Benoît B. Mandelbrot: Fractals in Science, Engineering and Finance (Roughness and Beauty) [via MIT World]

Many of you are aware of my obsession (here) (here) (here) with fractals, power law distributions, etc. and their role in understanding a variety of phenomena.  In this spirit, I recently came across this video on MIT World from the late Benoît B. Mandelbrot.  It is well worth the watch – enjoy!

How Long is the Coastline of the Law: Additional Thoughts on the Fractal Nature of Legal Systems [Repost]

Do legal systems have physical properties? Considered in the aggregate, do the distinctions upon distinctions developed by common law judges self-organize in a manner that can be said to have definable physical property (at least at a broad level of abstraction)?

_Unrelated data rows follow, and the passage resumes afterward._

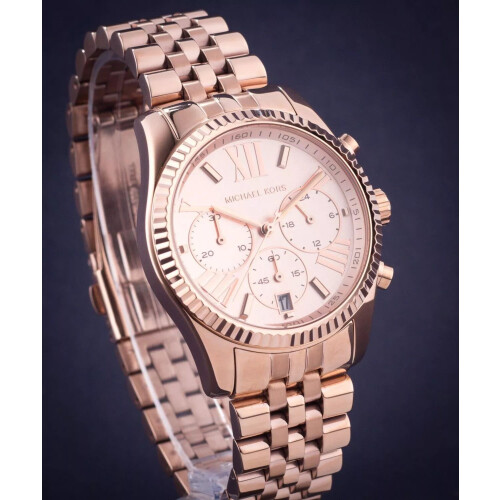 Michael Kors Lexington MK5569 - Dameshorloge - Quartz - Roze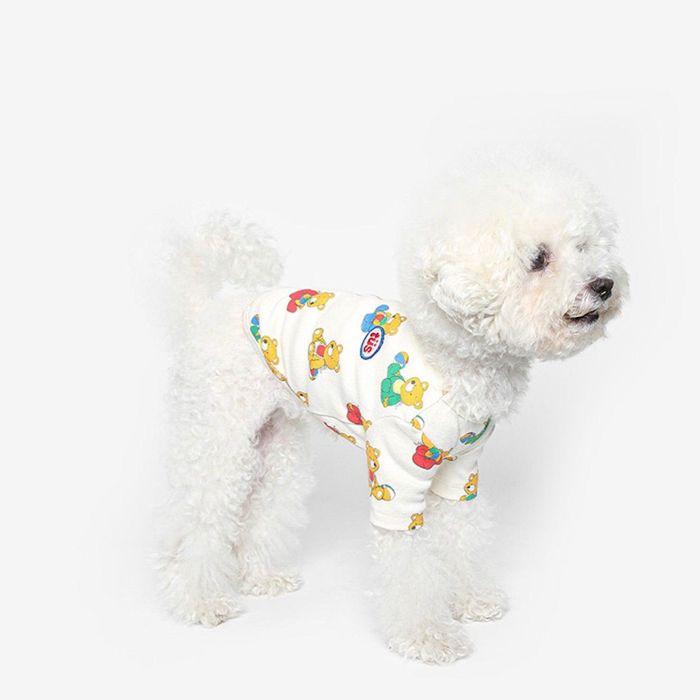 即納【TUSTUS】Hi Bear Tee 犬服 ドッグウェア 犬の服 小型犬 小型犬服 Tシャツ スリーブレス 春 夏 秋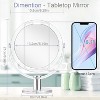Vanity Makeup Mirror with Stand, 1X/15X Magnification Double Sided 360 Degree Swivel - 2 of 4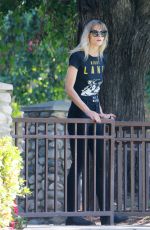 JAIME KING at a Park in Beverly Hills 02/04/2018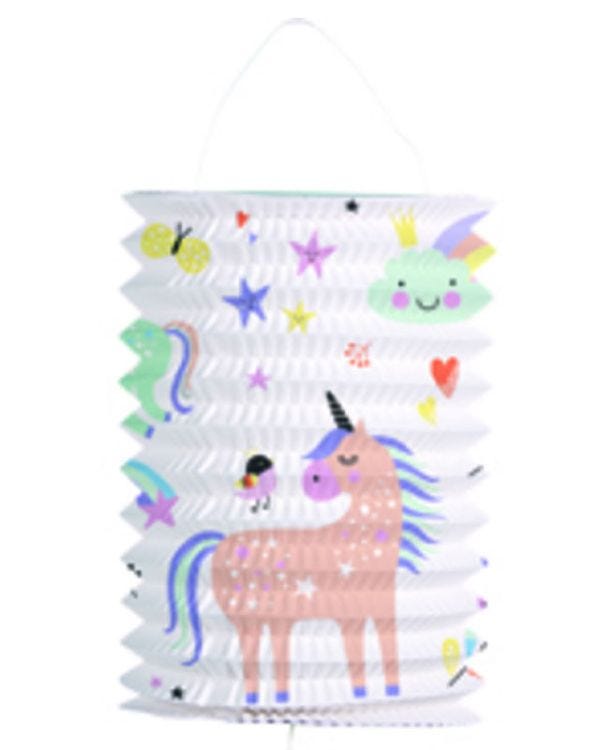 Unicorns &amp; Rainbows Hanging Lantern Decoration - 16cm
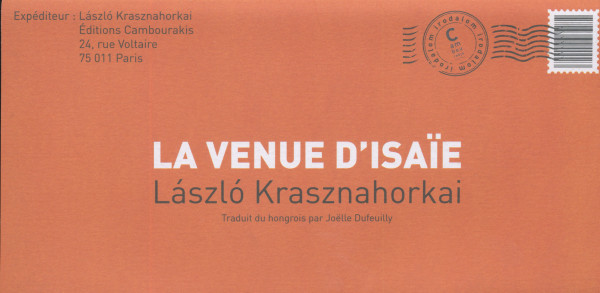 Krasznahorkai László: La Venue d’Isaie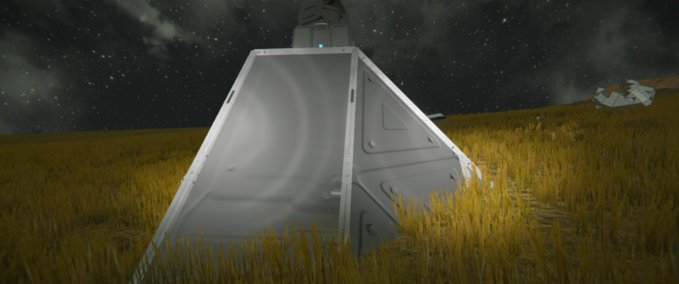 Blueprint Turret pod Space Engineers mod
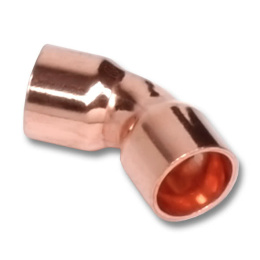 Отвод Sanha 5041, 45 гр. ВП-ВП, медь, 18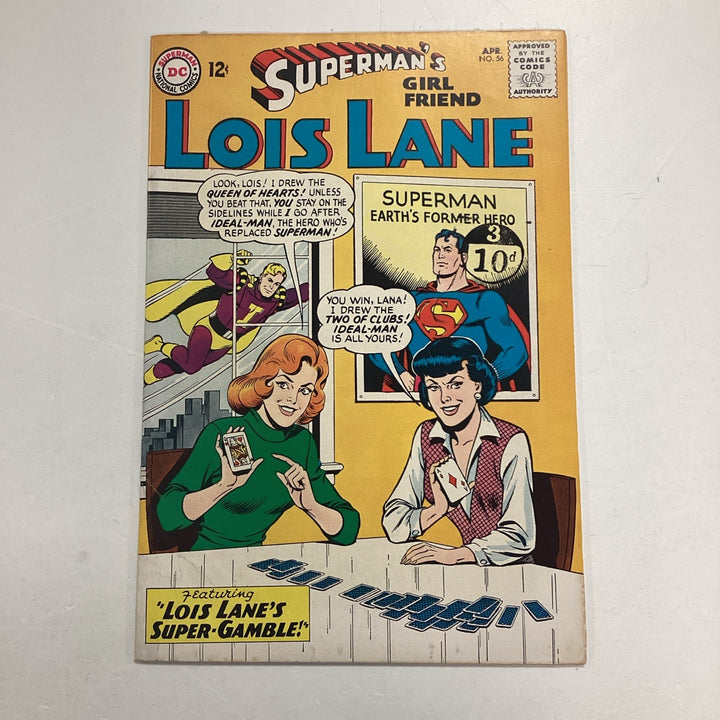 Superman's Girlfriend Lois Lane #56 1965 FN Pence Stamp0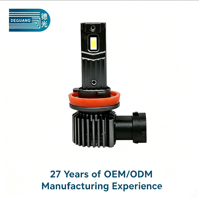 H11 30-38W 6000K 3570 IP67 Lüftergekühlte Zuverlässige Großhandels-LED-Scheinwerferbirne H11 Plug-and-Play Auto-Beleuchtungsset
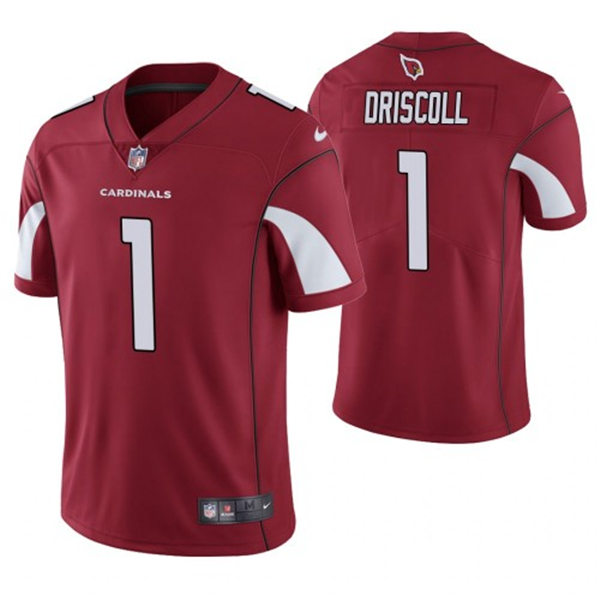 Mens Arizona Cardinals Retired Player #1 Paddy Driscoll Nike Cardinal Vapor Limited Jersey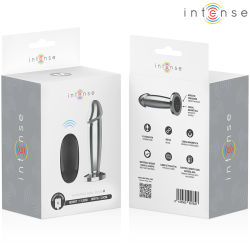 Intense - Plug Anal 10 Vibrations Gode Métallique Avec Télécommande M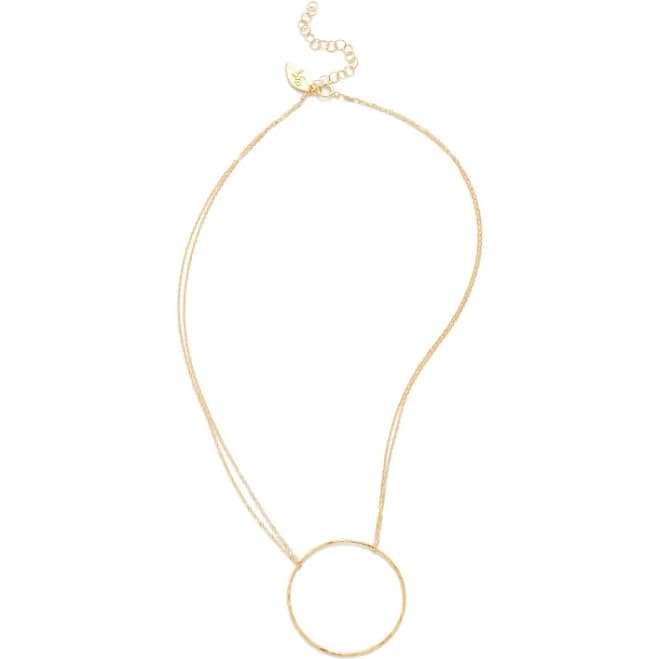 Dawn Minimalist Gold-Filled Circle Necklace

The answer might lie in fractal geometry.

Fractal geometry was developed in a set of classic papers by the late mathematician Benoît Mandelbrot. The original paper in the field How Long is the Coastline of Britain describes the coastline measurement problem.  In short form, the length of the coast line is a function of the size of measurement one employs.  As shown below, as the unit of measurement decreases the length of the coastline increases.  The ideas expressed in this and subsequent papers have been applied to a wide class of substantive questions. In particular, the application to economic systems has been particularly illuminating. Given recent economic events, we agree with views of the Everyday Economist arguing the applied economic theory built upon his work should have earned Mandelbrot a share of the Nobel Prize. [Check out Mandelbrot @ TED 2010]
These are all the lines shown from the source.